Discours du Président Giovanni Di Stasi
A la Conférence internationale sur le parlementarisme européen : histoire et présent
(Saint-Pétersbourg, le 28 avril 2006)

Monsieur le Président,
Excellences,
Mesdames et Messieurs,
OuvajEmye dAmy i gospodA,

2006 est une année riche en anniversaires importants pour la Russie et, donc, pour l’Europe. Ces jours-ci, nous célèbrerons les cent ans du premier parlement russe élu – la Douma d’État . Cette élection fut le fruit d’une action concertée, d’une lutte armée – en fait, d’une révolution – de toutes les sphères de la société russe. Il y a cent ans, pour la première fois de son histoire, la Russie instaurait un modèle démocratique avec, à sa tête, un organe représentant le pouvoir du peuple, modèle qui entendait rendre justice au peuple.

Plus de deux cents ans avant l’instauration de la première Douma, le savant Blaise Pascal déclarait : « Il faut […] mettre ensemble la justice et la force ; et pour cela faire que ce qui est juste soit fort, et que ce qui est fort soit juste. » Il est réconfortant de voir que, après avoir connu les vicissitudes de l’histoire, les guerres et les dictatures, notre continent – Russie comprise – a su retrouver le sens de la responsabilité envers ses citoyens et reconnaître que pouvoir et légitimité suprêmes – et justice suprême – appartiennent au peuple. En 1949, dix pays fondaient le Conseil de l’Europe ; aujourd’hui, notre Organisation réunit sous son toit 46 démocraties européennes.

Dans quelques jours à peine, nous allons célébrer un autre anniversaire capital : il y a dix ans, en effet, la Russie entrait au Conseil de l’Europe, dans la famille des démocraties européennes. La chute du mur de Berlin et la fin des régimes communistes en Europe ont donné à notre Organisation une chance historique de remplir sa mission paneuropéenne : unir notre continent tout entier autour des valeurs communes que sont le pluralisme, le respect des droits de l’homme et la prééminence du droit. L’adhésion de la Russie au Conseil de l’Europe a été un élément déterminant du processus final. Tout au long de ces dix années, la Fédération de Russie a participé très activement aux principaux organes du Conseil de l’Europe – Comité des Ministres, Assemblée parlementaire et, bien sûr, Congrès des pouvoirs locaux et régionaux, que je représente. C’est pourquoi je ne puis que me réjouir de la prochaine présidence russe de notre Comité des Ministres, qui débutera en mai.

Mesdames et Messieurs,

Lorsqu’on évoque le parlementarisme européen, on pense le plus souvent aux parlements nationaux. Or, pour le Congrès, la construction d’une Europe sans clivages signifie davantage de cohésion aux niveaux régional et municipal, les plus proches des citoyens. En tant qu’organe représentant plus de 200 000 collectivités territoriales de notre continent, nous savons bien que l’Europe est une mosaïque de régions, de villes et de villages – de lieux où les gens vivent et travaillent. Aujourd’hui, construire une Europe sans clivages signifie aussi prendre acte de l’actuelle évolution politique, économique et sociale vers le niveau territorial, d’une forte tendance à la décentralisation, situation qui modifie radicalement l’équilibre national et local et qui nous engage impérativement à développer une coopération interrégionale et interterritoriale, une action commune. La Fédération de Russie, avec son vaste territoire et plus de 80 sujets – régions –, le comprend mieux que quiconque. En vérité, notre Congrès n’a pas attendu que ce pays adhère au Conseil de l’Europe pour s’intéresser au fédéralisme russe et nous poursuivons nos travaux sur la question.

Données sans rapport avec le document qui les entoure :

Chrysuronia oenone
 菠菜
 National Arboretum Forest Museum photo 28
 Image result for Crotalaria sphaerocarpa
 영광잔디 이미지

Pour nous, autonomie régionale et autonomie locale sont les piliers porteurs de toute société démocratique, le complément indispensable du parlementarisme national, la première ligne de défense des droits de l’homme et de l’État de droit, mais aussi le meilleur niveau qui soit pour garantir une bonne gouvernance produisant des résultats tangibles pour nos citoyens. N’oublions pas que la démocratie est née au niveau local… Sur l’Agora, à Athènes, lieu où les citoyens pouvaient faire connaîte leur volonté aux autorités et prendre des décisions publiques. N’oublions jamais que, sans démocratie locale et régionale, l’édifice démocratique de nos sociétés risque toujours de s’effondrer. A l’inverse, une démocratie locale et régionale qui fonctionne bien est un solide garant de la stabilité démocratique de notre continent.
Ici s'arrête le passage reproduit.